Imagine your current full-face helmet with its neckroll removed. In its place imagine a thin, deflated air bag—something like the Apple Warmer, but much less bulky. In the back of the helmet is the gas cartridge and deployment mechanism which fires the cartidge—a tiny package, no larger than your thumb, tucked inside the shell.
When you fall, the system triggers the air bag, which explodes down from the helmet to surround your throat like a Michelin Man collar, bracing the helmet by stiffening against your shoulders. When you strike the ground, your head is now held in very slight extension, insuring, says Mac, not only cervical stability, but also less chance of an obstructed airway. After deployment, the bag either deflates automatically or remains as a brace, aiding medical people unsure of possible spinal damage.
It seemed so obvious I wondered why nobody had never tried it before. Others, Dr. Archer explained, have tried mechanical means, but the complexity and bulk had persuaded them and the manufacturers whom they approached that they would not work for motorcyclists, unlike race-car drivers. The key, Mac emphasized, was that this air bag system was unobtrusive until needed—giving motorcyclists, and especially motorcycle racers, the freedom of head movement they absolutely must have.

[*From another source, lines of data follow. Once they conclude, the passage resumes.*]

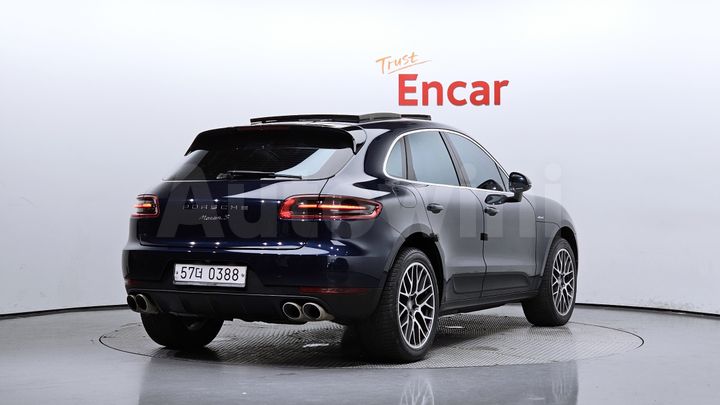 Porsche Macan 2017 — 2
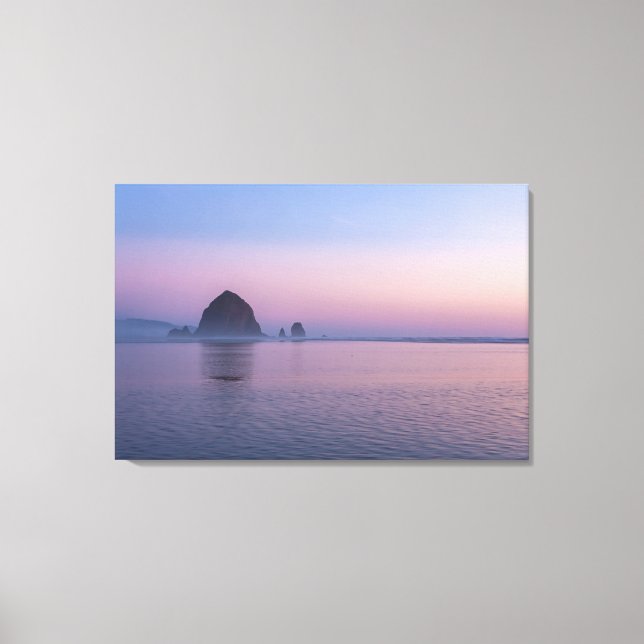 Haystack Rock bei Sunset Leinwanddruck (Vorderseite)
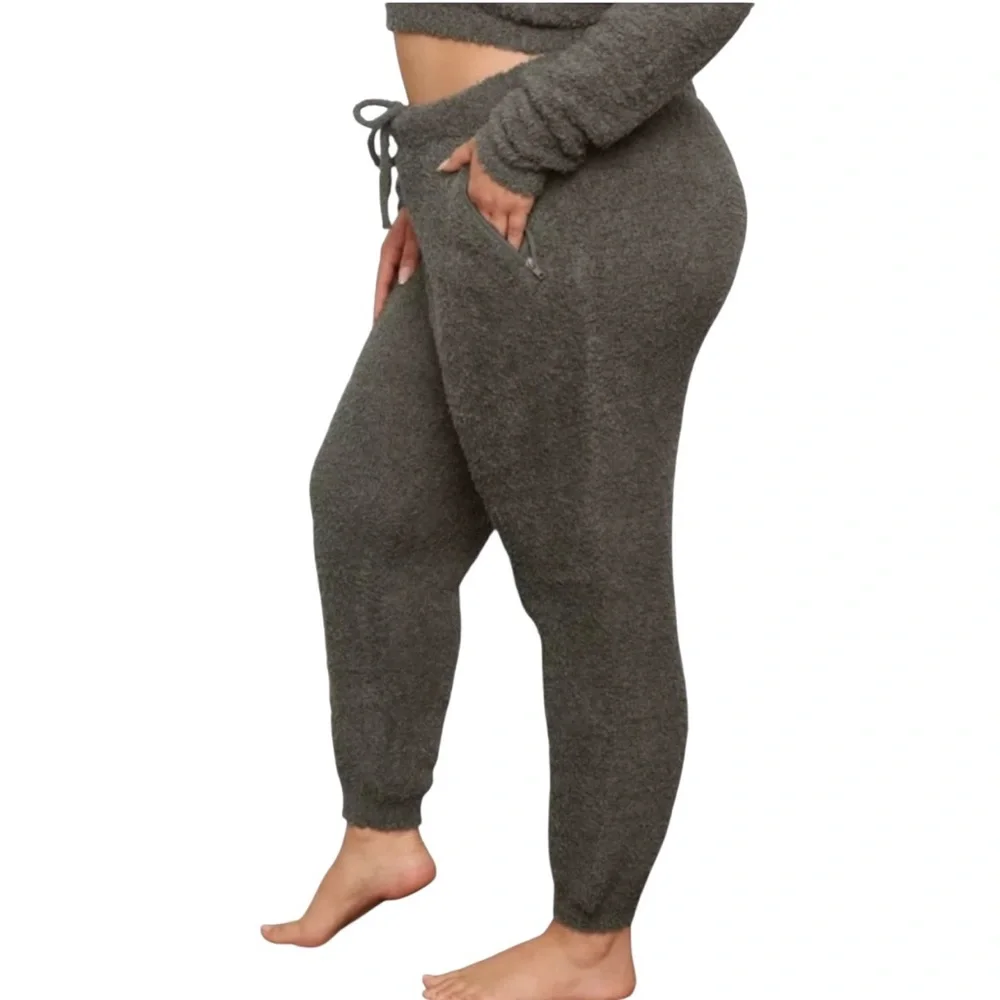 SKIMS Teddy Sherpa Jogger in Juniper - Picture 2 of 8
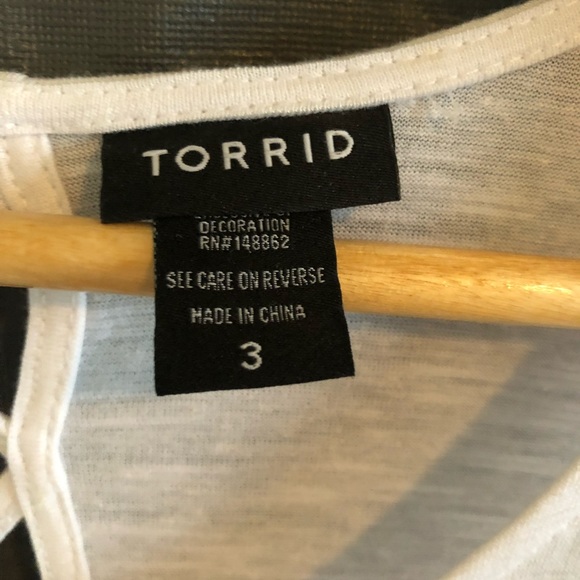 Lace Detail Tank - Picture 3 of 3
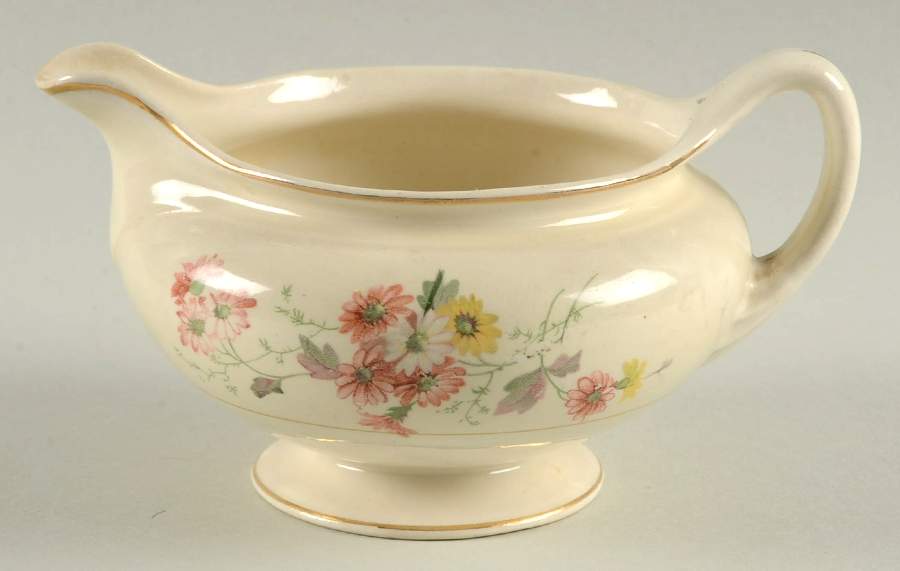 N1669 Creamer by Homer Laughlin -1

Just as Mac is not a man to be taken lightly, this seems not an issue to be taken lightly. Arai Helmets seems to agree. After Mac presented his ideas to Mr. Arai in Japan on October 27th, 1988, Arai pledged to pursue research on the concept, and to explore the engineering, manufacturing and a myriad of associated problems.
Dr. Archer’s air bag may go nowhere, of course. Liability difficulties, market studies, costs—anything can stop it dead, not only at Arai, but at any helmet house.
We should hope not. All of us who ride and select our gear with care should hope that Arai, or someone, takes Archer’s idea to its limits and provides us a product we can buy.
Mac Archer is among those waiting. And now, so am I.